Palazzo Grifoni Budini Gattai
Staircase
The Florentine Leopoldo Gattai was one of the most successful building contractors in the early years of the Italian national state. Together with his son-in-law Francesco Budini he directed the ‘Ditta Gattai Budini’; the firm’s numerous constructions included the embankments of the Lungarno Torrigiani in Florence, the harbour in Livorno and the railway line between Florence and Vaglia. After the winding up of the business in 1890, and the reinvestment of the capital in various real estate in the Florentine contrada, they also purchased in the same year one of the most prestigious Renaissance palaces in Florence, the Palazzo Grifoni. Soon afterwards the architect Giuseppe Boccini was commissioned to renovate its interior and he entered his plans for the ‘Casa Gattai’ also in the competition for the ‘Premio Martelli’ held by the Florentine Academy of Art in 1891. Boccini erected the monumental staircase leading up from the ground floor to the newly refurbished reception rooms on the first floor.

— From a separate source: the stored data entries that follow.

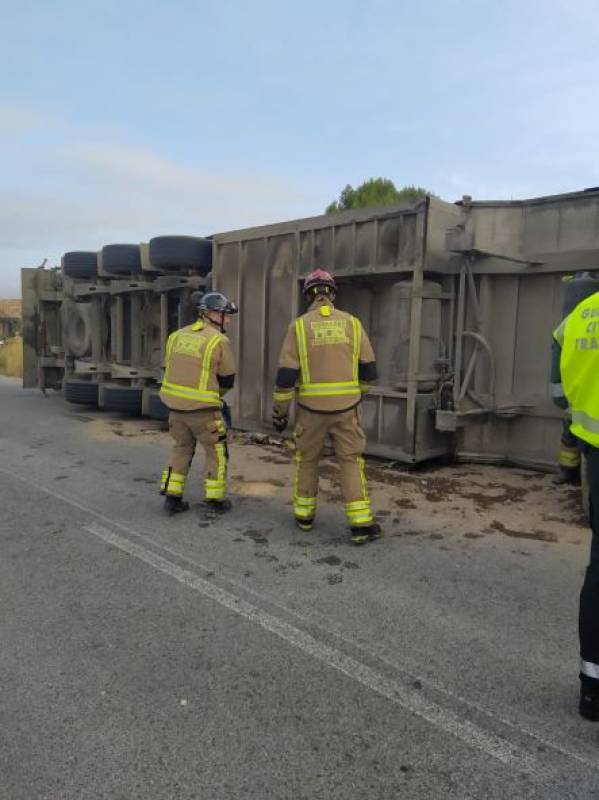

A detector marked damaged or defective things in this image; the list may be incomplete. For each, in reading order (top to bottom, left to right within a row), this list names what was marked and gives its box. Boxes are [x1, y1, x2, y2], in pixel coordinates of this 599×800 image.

overturned lorry [21, 189, 599, 468] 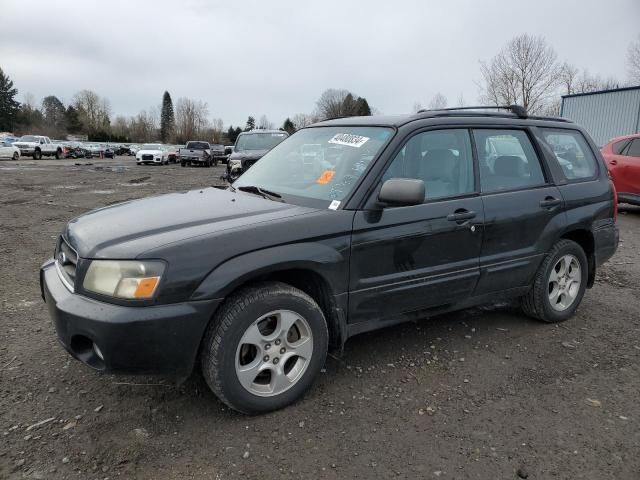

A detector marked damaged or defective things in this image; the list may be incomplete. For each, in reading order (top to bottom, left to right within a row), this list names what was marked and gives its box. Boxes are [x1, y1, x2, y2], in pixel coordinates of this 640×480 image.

damaged vehicle [224, 130, 286, 181]
damaged vehicle [41, 107, 620, 414] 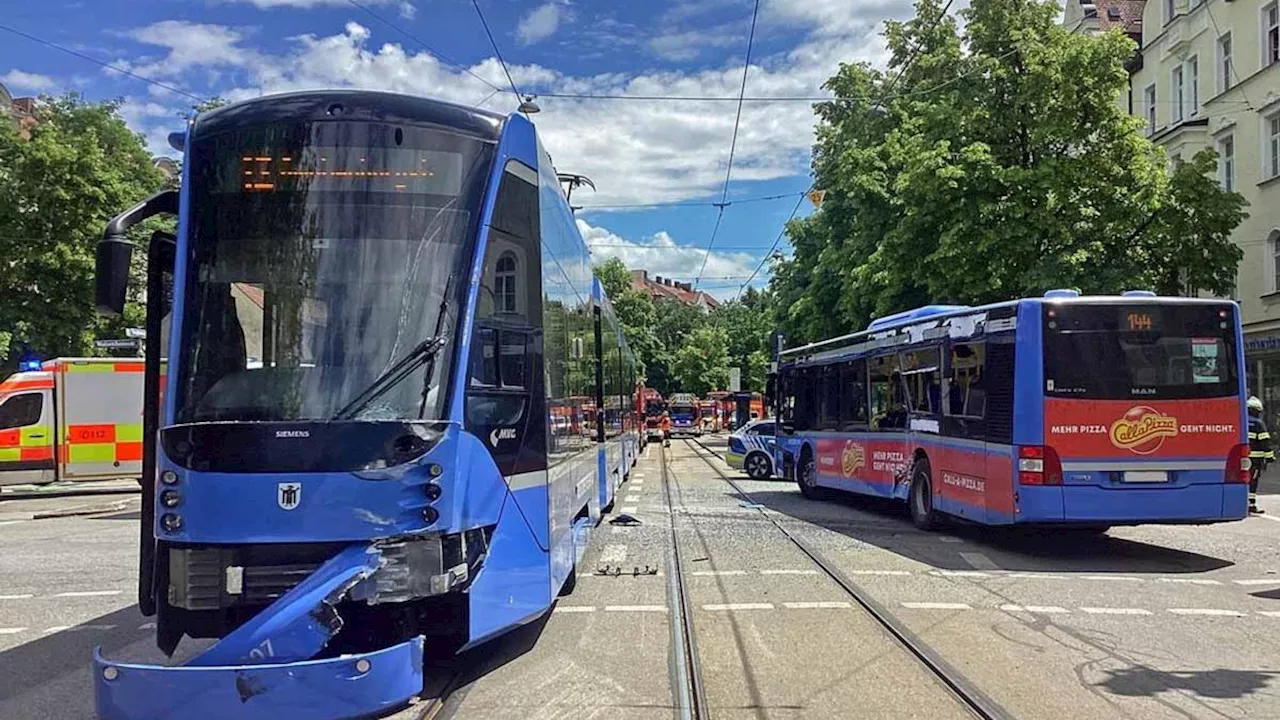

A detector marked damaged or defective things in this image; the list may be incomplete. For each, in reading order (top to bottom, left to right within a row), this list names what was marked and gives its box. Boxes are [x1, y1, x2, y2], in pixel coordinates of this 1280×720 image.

broken bumper [96, 544, 424, 720]
broken bumper [96, 640, 424, 716] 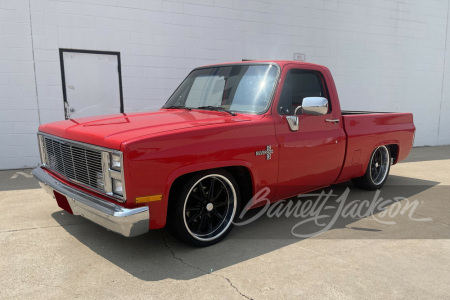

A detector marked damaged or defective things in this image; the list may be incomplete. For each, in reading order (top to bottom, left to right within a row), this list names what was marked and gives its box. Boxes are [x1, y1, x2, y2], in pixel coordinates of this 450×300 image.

crack in concrete [163, 237, 253, 300] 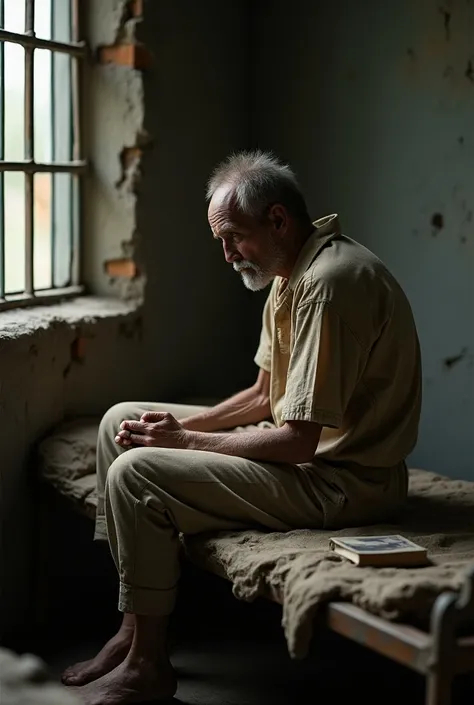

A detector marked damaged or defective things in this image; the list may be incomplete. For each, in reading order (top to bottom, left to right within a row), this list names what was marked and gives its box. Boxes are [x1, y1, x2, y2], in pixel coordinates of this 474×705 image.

cracked wall surface [254, 0, 472, 478]
peeling plaster wall [254, 0, 474, 478]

The decoration of the staircase and its walls, and also of the rooms on the piano nobile, was commissioned in turn from Augusto Burchi, who worked on it together with Giulio Bargellini and Galileo Chini. The walls of the stairwell were painted with large panels containing personifications of the figurative and performing arts and scenes of the ages of man, while the ceiling was painted with allegories of the Virtues. Numerous allusions to the patrons are scattered through this decorative ensemble. Their coats of arms not only adorn the cartouches placed below the personified Virtues and the rectangular window set into the ceiling, but are also coupled with the coats of arms of the Ricci and Grifoni families, the previous owners of the Palazzo, on the ground floor.